(Exercise data)
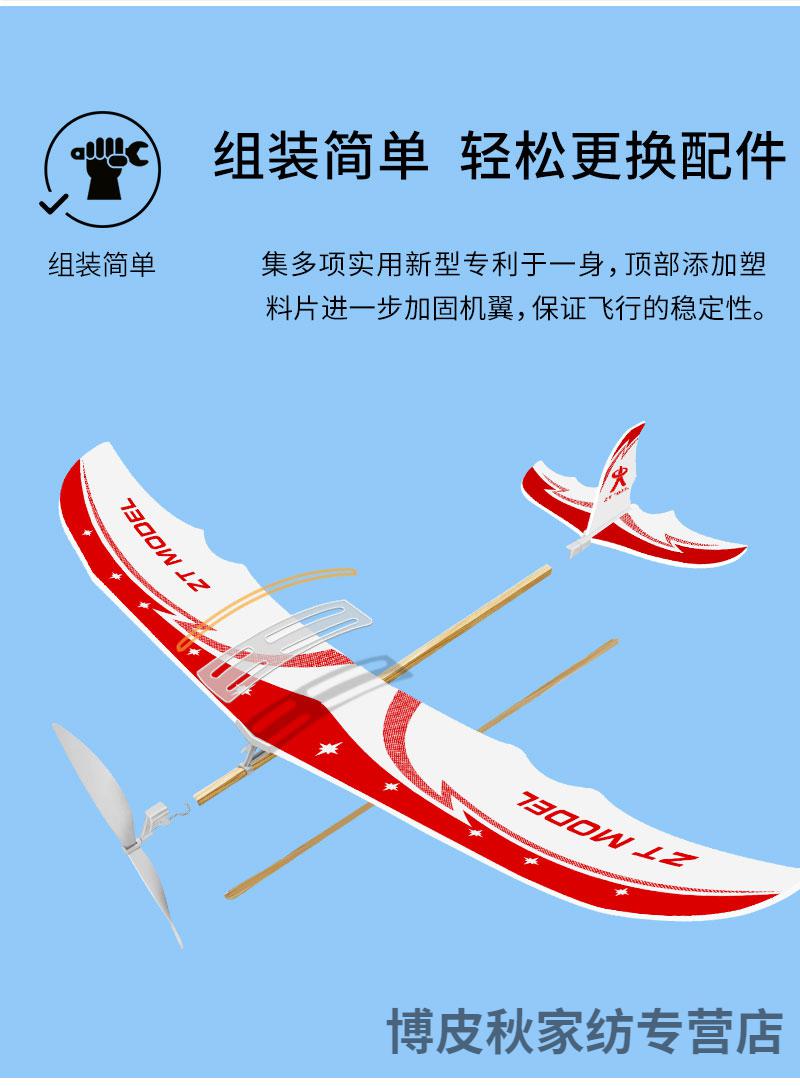 中天模型 雷鸟橡筋动力模型飞机儿童手掷泡沫仿真飞机模型拼装 2个装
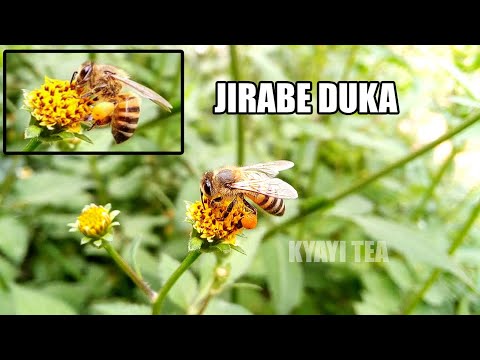 Enjuki Elimu Emizimu Ejjibika Abagenda Okuffa Yiino Elanga Nabagenyi Ewaka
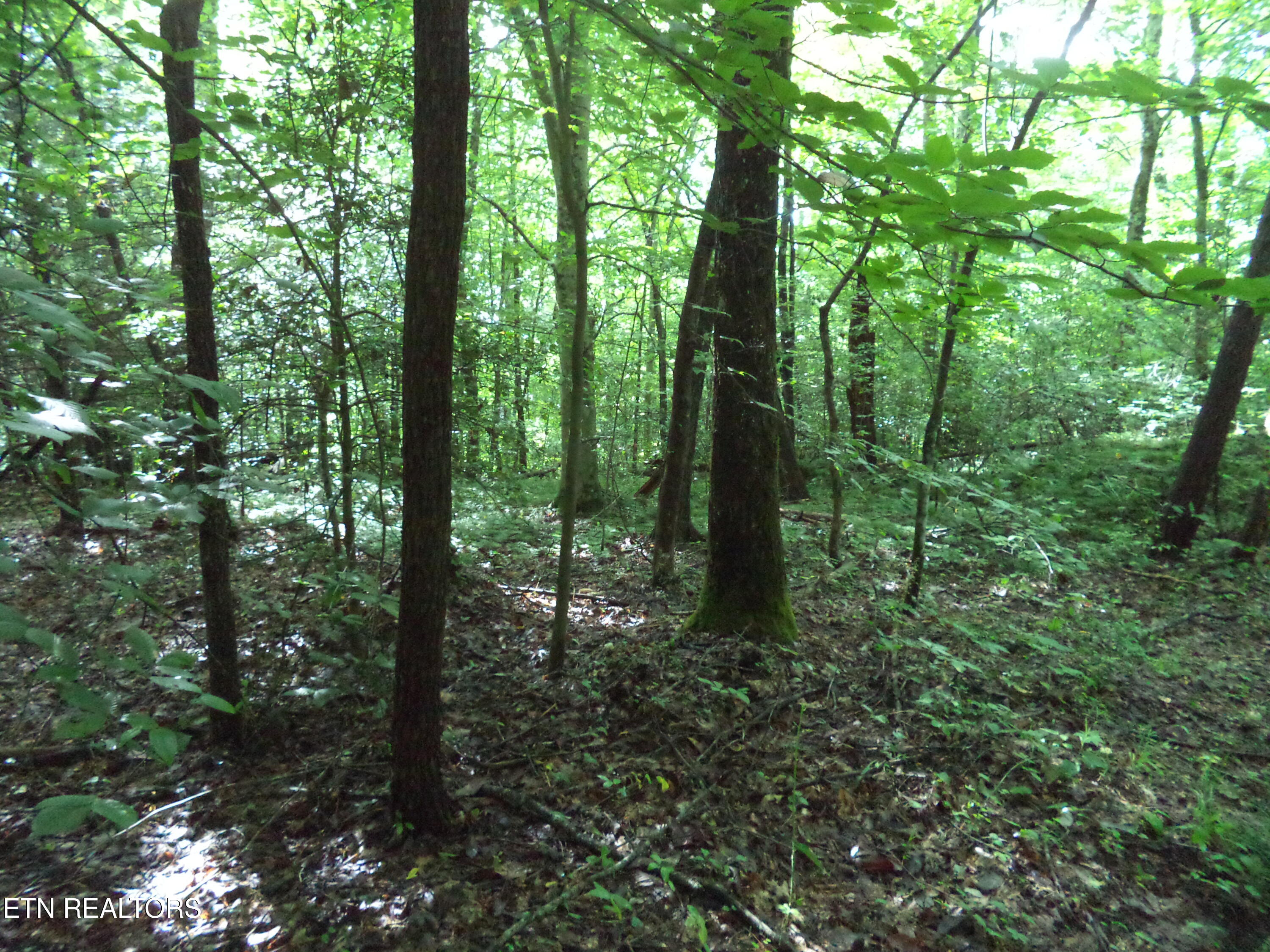 0 South Buffalo Road Oneida, TN 37841 - Photo 9 of 20 Property Photos (3)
(End Exercise data)
Instructions to follow:
Every line of the data is to be transcribed exactly, and no picture is to be included.

Answer:
 中天模型 雷鸟橡筋动力模型飞机儿童手掷泡沫仿真飞机模型拼装 2个装
 Enjuki Elimu Emizimu Ejjibika Abagenda Okuffa Yiino Elanga Nabagenyi Ewaka
 0 South Buffalo Road Oneida, TN 37841 - Photo 9 of 20 Property Photos (3)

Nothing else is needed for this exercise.